**WHAT IS EXPECTED**
Leave out every picture and set down, exactly, the lines below from the one holding "ミディアム pllia beautyのネイルデザイン" up to and including the one holding "Батарейка Toshiba литиевая".

**GIVEN RECORDS**
○ ○ ○

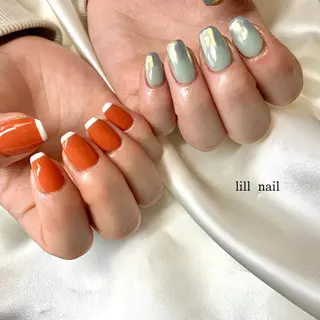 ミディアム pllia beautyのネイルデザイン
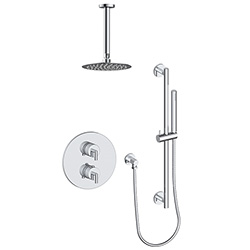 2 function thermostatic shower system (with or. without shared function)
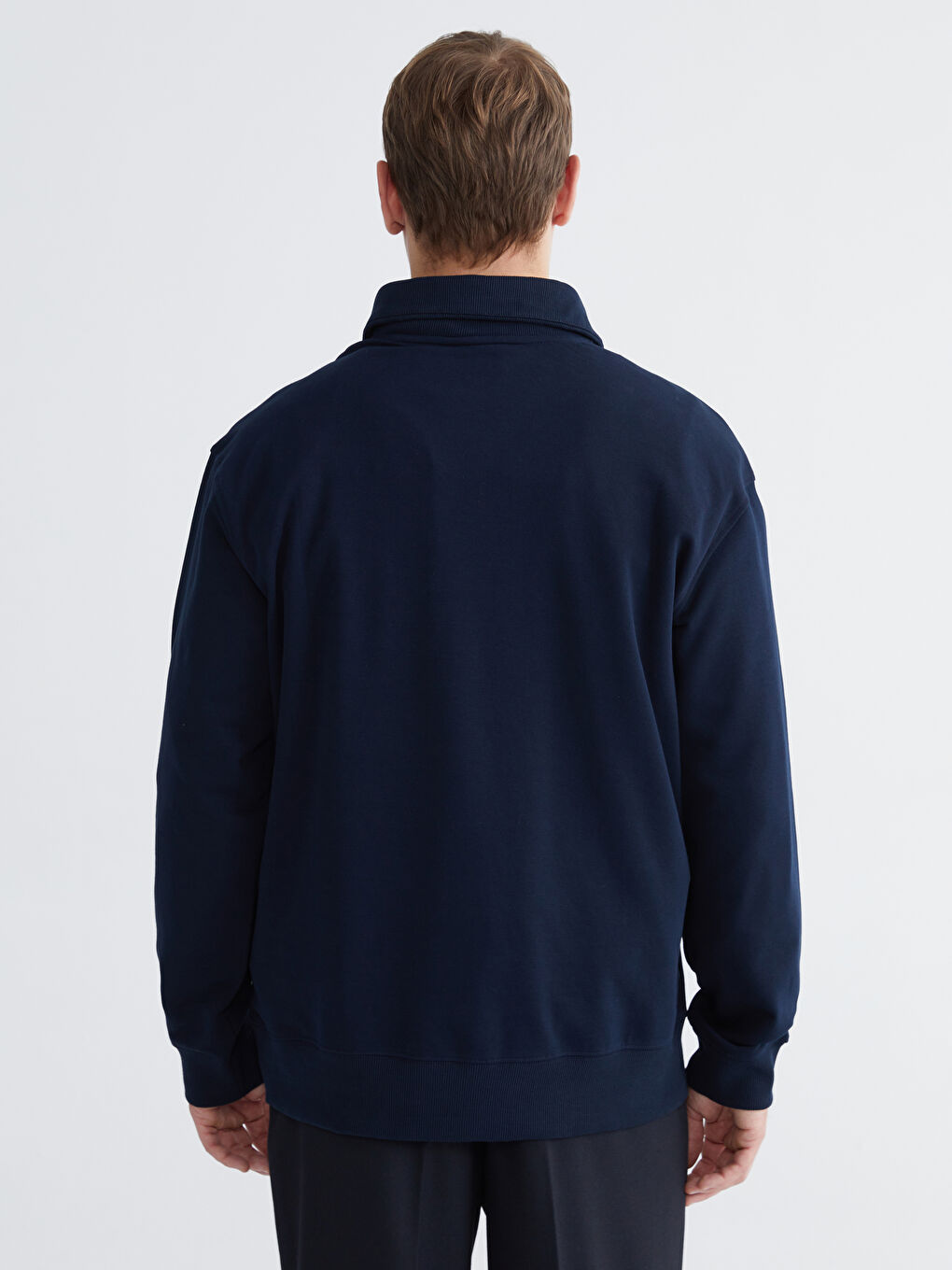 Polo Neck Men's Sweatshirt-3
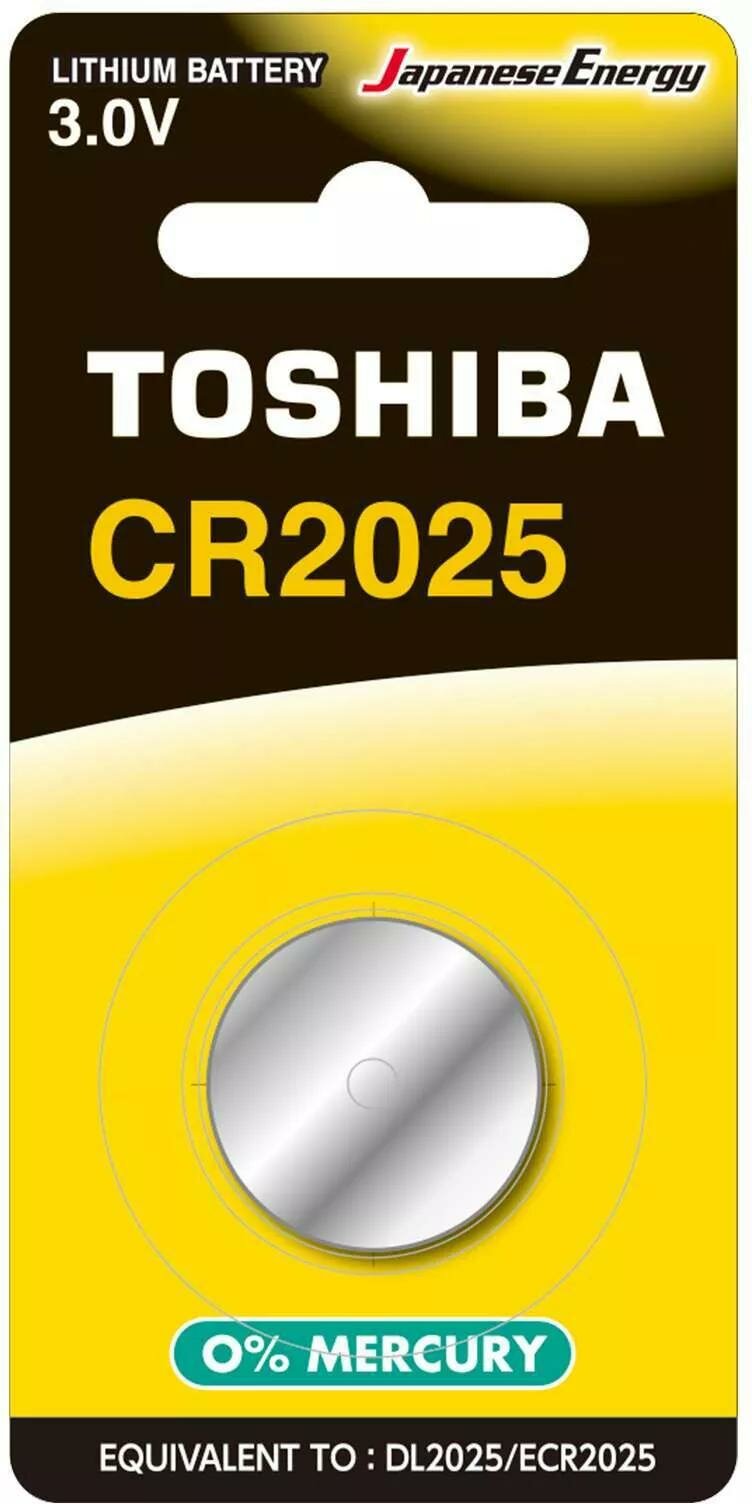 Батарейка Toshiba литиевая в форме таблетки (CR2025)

○ ○ ○

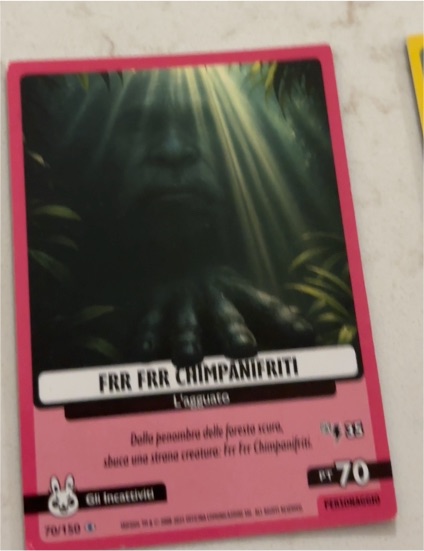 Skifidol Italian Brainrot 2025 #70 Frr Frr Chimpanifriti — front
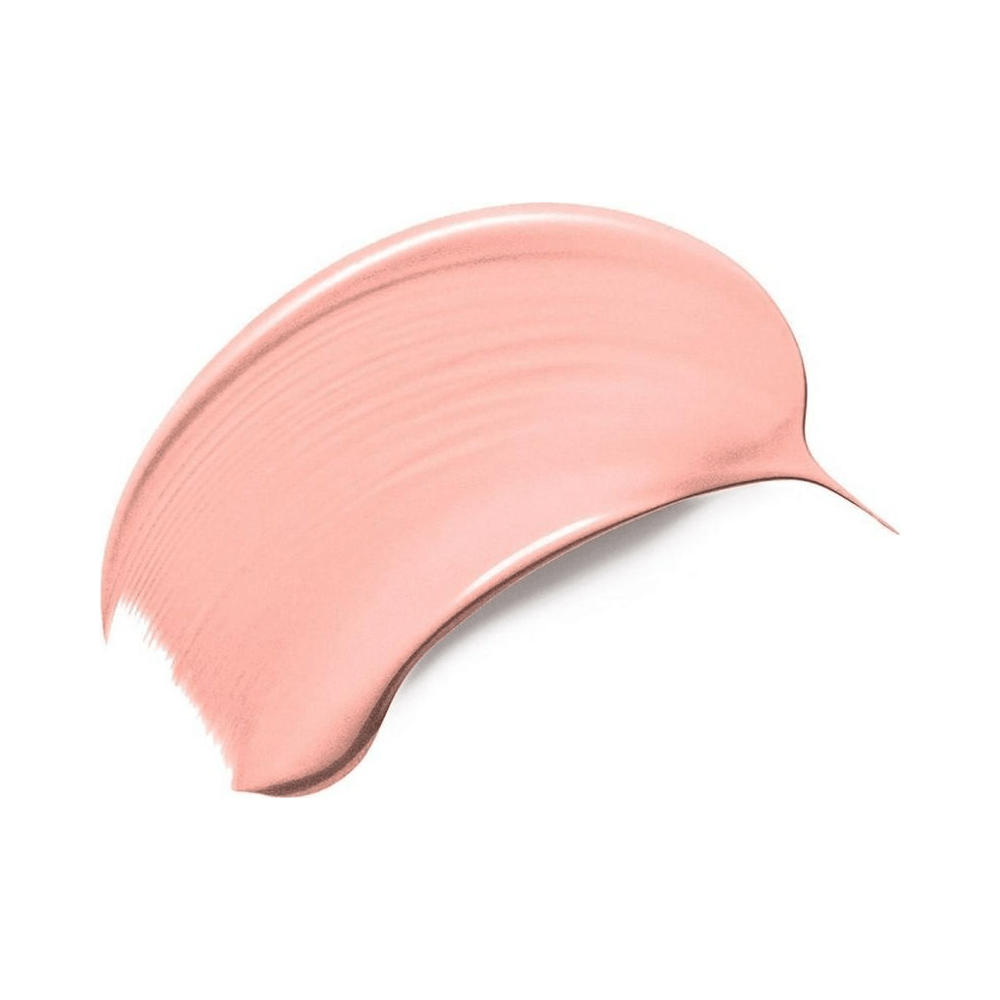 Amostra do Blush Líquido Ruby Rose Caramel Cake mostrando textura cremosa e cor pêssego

○ ○ ○

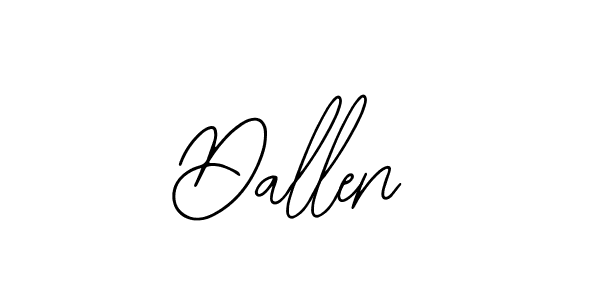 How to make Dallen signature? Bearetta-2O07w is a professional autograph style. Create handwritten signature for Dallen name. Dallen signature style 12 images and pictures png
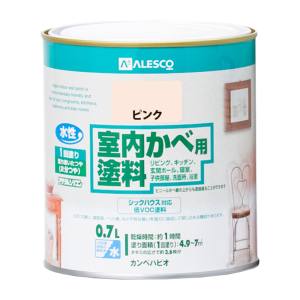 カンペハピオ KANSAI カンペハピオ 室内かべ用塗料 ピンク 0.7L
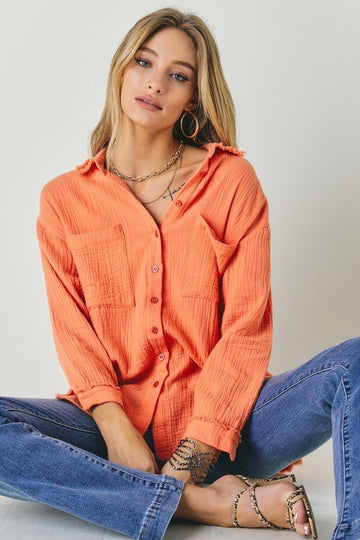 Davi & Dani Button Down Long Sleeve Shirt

○ ○ ○

**ANSWER AREA**
 ミディアム pllia beautyのネイルデザイン
 2 function thermostatic shower system (with or. without shared function)
 Polo Neck Men's Sweatshirt-3
 Батарейка Toshiba литиевая в форме таблетки (CR2025)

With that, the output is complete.